Marvin Gandall marvgandall at rogers.com
Sat Oct 9 12:52:15 PDT 2004


Doug H. wrote:


> Yoshie Furuhashi wrote:
>
> >I agree with Brad and Deborah that combining local and national
> >campaigns makes eminent sense. I'm only opposed to the idea that
> >the Green Party (or any other third party on the left that may come
> >into being in the future) should concentrate only on local
> >elections, abstaining from national politics.
>
> What do you mean by "national politics"? The presidency? That seems
> hyperambitious for a party that can barely tie its shoes, and has
> shown no sign of having grown from a series of presidential runs.
> Congress? That seems a lot more reasonable to me. I'm voting for
> McReynolds for Senate in NY, in fact.
>
> Doug
---------------------------- Can anyone cite any cases in a capitalist democracy where a party vaulted straight to national power without first winning elections at the municipal, state, and national legislative levels and demonstrating the capacity to secure gains for its supporters? I can't imagine the organized trade union, women's, environmental, civil rights or other movements transferring their loyalty to the Green party nationally, for example, without some prior evidence it's more able than the Democrats to deliver on the legislative and regulatory changes, and court and board appointments, which are essential to realizing their goals. You would have to be a hopelessly incorrigible idealist (which of course no one on this list is) to think you can appeal to the people in these movements (aside from a minority of students and intellectuals) primarily on the basis of ideas without first having demonstrated your capacity to effectively lead them in their current struggles.
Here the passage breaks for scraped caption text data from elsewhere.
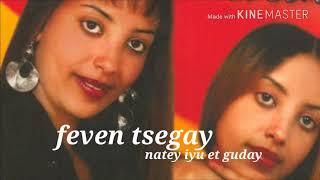 Eritrean music old 2013 .Feven Tsegay -natey iyu et guday(ናተይ ኢዩ እቲ ጉዳይ)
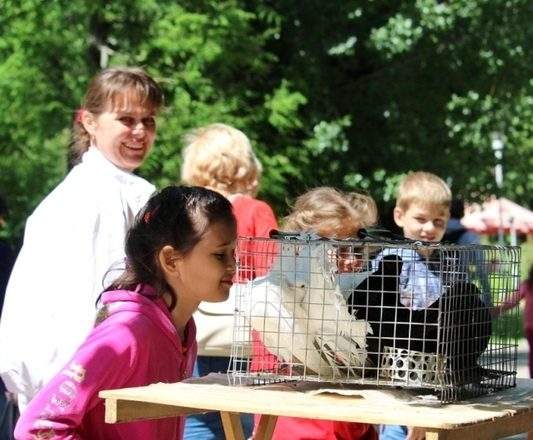 3 июня в Луганске состоялась выставка декоративных птиц и животных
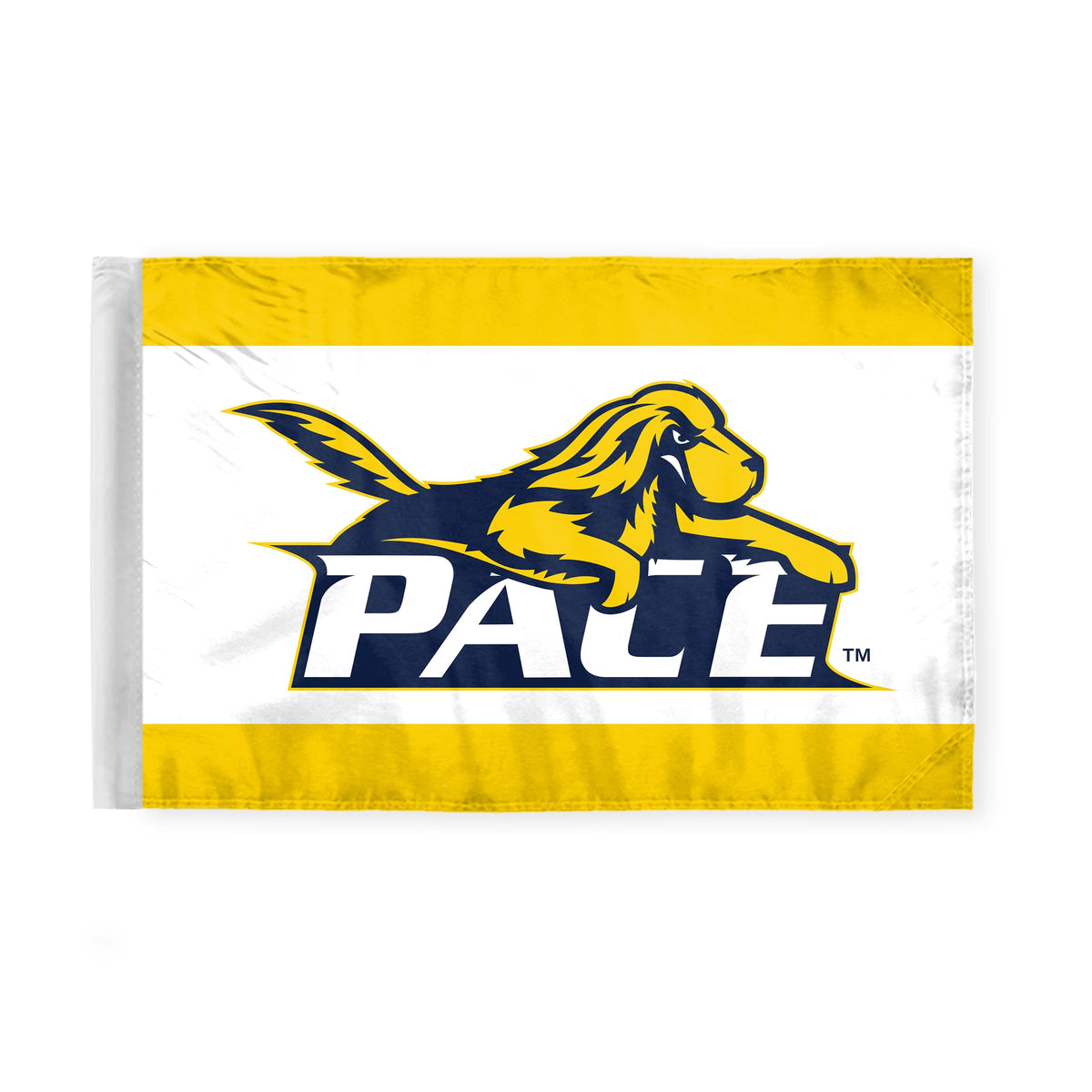 Pace University Motorcycle Flag 6 x 9 inch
This is why the free-floating Nader-Camejo run seems so quixotic; perhaps another small radical party will issue out of it, but that party would also have to prove itself at the lower legislative levels if it had any serious designs at national power. And, as its earnest supporters would soon discover, it would have to make the same compromises on its way up, short of a revolutionary crisis, as other mass reformist parties have or it would not be allowed to govern. Just ask Joshka Fischer and the German Greens.